Auto foundations · Guide · Start here

Why Long-Running Processes Are Hard

The moment your logic crosses a boundary it becomes long-running — and you inherit state, time, and failure problems that a workflow engine exists to solve.

Auto foundations Start here ⏱ 5 min read Complete

🧭 Analogy

Booking a holiday is not a single instant. You reserve a flight, wait for a confirmation email, book a hotel that needs manager approval, then wait days for a visa. You hold the whole thing in your head, chase the slow steps, and start over if a booking falls through. A long-running process is software doing exactly that — and the “head” that remembers where every booking is must be durable.

What “long-running” really means

A process is a series of tasks performed to reach a desired result. The instant any task has to wait — for a remote component to respond, for a human to act, or for a timer to elapse — the process becomes long-running: it spans seconds, hours, weeks, or months.

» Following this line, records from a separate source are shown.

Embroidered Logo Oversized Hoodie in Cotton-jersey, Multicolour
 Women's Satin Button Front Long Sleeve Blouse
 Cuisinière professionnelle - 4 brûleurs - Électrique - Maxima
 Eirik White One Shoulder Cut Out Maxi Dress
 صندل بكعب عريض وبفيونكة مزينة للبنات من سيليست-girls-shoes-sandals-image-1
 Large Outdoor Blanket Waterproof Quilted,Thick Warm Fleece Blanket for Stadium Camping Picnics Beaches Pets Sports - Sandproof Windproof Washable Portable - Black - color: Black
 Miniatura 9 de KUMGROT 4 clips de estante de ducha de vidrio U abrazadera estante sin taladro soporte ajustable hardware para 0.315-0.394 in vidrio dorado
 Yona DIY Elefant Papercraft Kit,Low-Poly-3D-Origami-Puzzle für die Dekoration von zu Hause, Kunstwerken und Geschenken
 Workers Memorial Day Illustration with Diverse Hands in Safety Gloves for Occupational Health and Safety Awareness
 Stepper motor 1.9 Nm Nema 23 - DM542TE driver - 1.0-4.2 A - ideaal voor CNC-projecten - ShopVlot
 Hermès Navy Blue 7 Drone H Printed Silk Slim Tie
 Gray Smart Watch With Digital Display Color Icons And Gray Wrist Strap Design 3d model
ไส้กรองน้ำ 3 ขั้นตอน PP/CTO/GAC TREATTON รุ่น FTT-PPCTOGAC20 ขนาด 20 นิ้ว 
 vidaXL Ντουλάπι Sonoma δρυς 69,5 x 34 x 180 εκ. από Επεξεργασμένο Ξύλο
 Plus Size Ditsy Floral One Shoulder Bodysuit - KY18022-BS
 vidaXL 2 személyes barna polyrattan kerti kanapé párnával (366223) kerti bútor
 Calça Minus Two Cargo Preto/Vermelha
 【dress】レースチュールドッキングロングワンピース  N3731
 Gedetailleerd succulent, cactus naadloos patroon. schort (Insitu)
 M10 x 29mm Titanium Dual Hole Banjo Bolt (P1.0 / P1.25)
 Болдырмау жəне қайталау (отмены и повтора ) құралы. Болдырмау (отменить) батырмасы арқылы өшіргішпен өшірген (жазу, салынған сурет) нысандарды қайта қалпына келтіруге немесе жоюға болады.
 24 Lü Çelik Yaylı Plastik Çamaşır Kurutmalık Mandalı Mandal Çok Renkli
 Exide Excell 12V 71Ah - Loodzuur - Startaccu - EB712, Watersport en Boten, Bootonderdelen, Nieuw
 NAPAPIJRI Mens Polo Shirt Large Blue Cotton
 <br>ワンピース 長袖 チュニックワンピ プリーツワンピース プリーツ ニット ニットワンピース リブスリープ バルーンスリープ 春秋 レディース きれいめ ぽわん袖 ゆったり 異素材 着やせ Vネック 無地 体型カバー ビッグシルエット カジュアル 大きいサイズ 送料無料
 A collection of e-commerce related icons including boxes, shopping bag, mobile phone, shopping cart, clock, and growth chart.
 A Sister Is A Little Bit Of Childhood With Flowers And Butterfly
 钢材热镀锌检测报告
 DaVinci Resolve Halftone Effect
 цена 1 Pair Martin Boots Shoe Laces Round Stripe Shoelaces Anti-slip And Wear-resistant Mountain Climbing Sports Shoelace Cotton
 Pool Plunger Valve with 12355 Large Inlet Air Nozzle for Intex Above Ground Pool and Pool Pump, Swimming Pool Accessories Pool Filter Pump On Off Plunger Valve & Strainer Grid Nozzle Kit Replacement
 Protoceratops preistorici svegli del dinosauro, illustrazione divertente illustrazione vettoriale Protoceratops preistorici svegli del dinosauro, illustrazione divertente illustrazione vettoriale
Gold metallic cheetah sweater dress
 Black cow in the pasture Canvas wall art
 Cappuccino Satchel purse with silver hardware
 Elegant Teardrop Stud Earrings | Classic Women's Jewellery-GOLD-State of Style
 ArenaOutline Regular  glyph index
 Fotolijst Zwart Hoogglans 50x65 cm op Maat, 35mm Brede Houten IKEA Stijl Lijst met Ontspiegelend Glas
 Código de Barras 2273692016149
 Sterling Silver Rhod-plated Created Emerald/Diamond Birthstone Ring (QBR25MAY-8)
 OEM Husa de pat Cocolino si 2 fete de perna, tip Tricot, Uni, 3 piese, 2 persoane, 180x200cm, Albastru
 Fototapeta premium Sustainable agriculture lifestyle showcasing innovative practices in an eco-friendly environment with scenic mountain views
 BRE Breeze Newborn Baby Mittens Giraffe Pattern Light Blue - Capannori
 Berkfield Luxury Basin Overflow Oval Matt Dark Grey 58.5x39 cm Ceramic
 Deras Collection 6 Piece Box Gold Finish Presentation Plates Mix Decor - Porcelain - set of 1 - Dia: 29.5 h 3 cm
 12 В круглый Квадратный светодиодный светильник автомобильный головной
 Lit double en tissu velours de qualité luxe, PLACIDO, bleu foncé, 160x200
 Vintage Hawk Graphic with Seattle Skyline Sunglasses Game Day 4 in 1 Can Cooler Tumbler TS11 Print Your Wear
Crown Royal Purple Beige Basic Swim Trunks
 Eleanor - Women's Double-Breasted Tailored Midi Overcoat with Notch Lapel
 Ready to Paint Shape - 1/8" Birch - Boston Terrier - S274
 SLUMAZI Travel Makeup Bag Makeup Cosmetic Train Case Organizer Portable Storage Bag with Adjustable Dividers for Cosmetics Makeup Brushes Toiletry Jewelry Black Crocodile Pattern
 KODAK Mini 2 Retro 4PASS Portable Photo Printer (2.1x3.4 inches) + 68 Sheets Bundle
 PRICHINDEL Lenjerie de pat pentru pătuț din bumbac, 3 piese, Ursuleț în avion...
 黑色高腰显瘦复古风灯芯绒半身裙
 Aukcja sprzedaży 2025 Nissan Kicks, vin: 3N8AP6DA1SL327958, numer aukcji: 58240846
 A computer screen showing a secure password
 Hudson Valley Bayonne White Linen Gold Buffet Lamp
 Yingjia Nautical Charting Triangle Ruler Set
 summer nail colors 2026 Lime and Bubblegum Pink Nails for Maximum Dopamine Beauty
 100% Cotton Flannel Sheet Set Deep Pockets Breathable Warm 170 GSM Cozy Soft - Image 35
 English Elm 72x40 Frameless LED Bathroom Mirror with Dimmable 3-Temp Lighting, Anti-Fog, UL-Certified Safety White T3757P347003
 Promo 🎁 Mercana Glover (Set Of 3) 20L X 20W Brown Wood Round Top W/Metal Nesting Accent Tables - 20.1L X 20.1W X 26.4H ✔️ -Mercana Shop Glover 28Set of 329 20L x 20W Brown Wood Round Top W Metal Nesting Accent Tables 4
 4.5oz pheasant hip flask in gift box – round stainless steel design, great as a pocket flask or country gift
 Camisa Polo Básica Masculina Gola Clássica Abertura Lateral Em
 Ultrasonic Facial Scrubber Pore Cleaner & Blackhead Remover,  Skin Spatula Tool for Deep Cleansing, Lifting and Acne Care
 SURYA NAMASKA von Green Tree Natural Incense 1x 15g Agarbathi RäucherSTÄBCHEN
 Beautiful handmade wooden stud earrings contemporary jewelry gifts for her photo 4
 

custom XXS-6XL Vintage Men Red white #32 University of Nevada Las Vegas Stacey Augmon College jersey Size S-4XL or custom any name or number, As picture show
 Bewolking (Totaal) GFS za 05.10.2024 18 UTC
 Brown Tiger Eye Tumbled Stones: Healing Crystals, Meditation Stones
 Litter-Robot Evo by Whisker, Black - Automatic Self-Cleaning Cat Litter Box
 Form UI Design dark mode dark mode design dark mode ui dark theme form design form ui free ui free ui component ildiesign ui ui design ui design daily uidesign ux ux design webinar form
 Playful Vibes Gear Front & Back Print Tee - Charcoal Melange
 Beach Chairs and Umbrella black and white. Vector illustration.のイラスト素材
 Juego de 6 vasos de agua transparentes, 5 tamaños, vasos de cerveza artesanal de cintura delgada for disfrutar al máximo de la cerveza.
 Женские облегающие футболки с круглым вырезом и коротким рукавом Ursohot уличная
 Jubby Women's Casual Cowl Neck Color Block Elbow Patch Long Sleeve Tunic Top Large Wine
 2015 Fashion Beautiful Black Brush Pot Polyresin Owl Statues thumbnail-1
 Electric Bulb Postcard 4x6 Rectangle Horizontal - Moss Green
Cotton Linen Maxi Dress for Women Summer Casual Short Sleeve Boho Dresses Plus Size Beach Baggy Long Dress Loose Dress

Ruecker’s central claim is that handling long-running behaviour is the hardest, most under-appreciated problem in distributed systems, and that waiting is forced on you the moment logic crosses a boundary:

a remote call crosses local / OS / machine boundaries (latency, unavailability);
invoking another component crosses a transaction boundary (no shared ACID);
another team crosses an organizational boundary;
an external service crosses a company boundary;
involving people crosses the boundary between automatable and non-automatable work.

Modern systems have more boundaries, not fewer, as they move from monoliths to fine-grained services and functions. So “long-running” is not an exotic case — it is the default once you make your first remote call.

The three problems you inherit: state, time, failure

flowchart LR
A["Start: order placed"] --> B["Charge card<br/>(remote, may fail)"]
B -->|"wait for response"| C{"Paid?"}
C -->|"yes"| D["Reserve goods"]
C -->|"timeout"| E["Wait 1 day, retry"]
E --> B
D --> F["Wait for human approval"]
F --> G["Ship goods"]
G --> H["End: order delivered"]

Every arrow that says wait or may fail drags in one of three concerns:

State. Something must durably remember exactly where each instance is — which card charge succeeded, which is still pending — and survive crashes, restarts, and deploys. There is never a moment with zero instances running, because “running” includes “waiting.”
Time. Steps need timers: retry after one day, escalate if a human has not acted in five days, cancel if a response never arrives. Scheduling must be reliable even when nothing else is happening.
Failure. Remote calls are unreliable. You need retries, timeouts, and a way to restore consistency when you genuinely cannot tell whether the card was charged.

Waiting is logical, not a blocked thread — the engine persists state, frees the thread, and reloads only when a trigger fires:

stateDiagram-v2
[*] --> Active: instance started
Active --> Waiting: reach a wait point
Waiting --> Active: trigger fires (response, timer, or human action)
note right of Waiting
  State sits in the database
  no thread blocked
end note
Active --> [*]: process completes

The “Wild West” trap

The Ash death-spiral

A developer (“Ash”) builds a credit-card payment backend. The external service is flaky, so Ash adds retries; the retries must survive hours, so Ash adds a payment table with a status column and a polling scheduler; the API becomes async (HTTP 202 + polling); a poisoned message crashes it; ad-hoc monitoring scripts appear; then SLA reporting is demanded. The result is an unmaintainable mess only Ash understands — with the business logic buried inside hand-written state-handling code.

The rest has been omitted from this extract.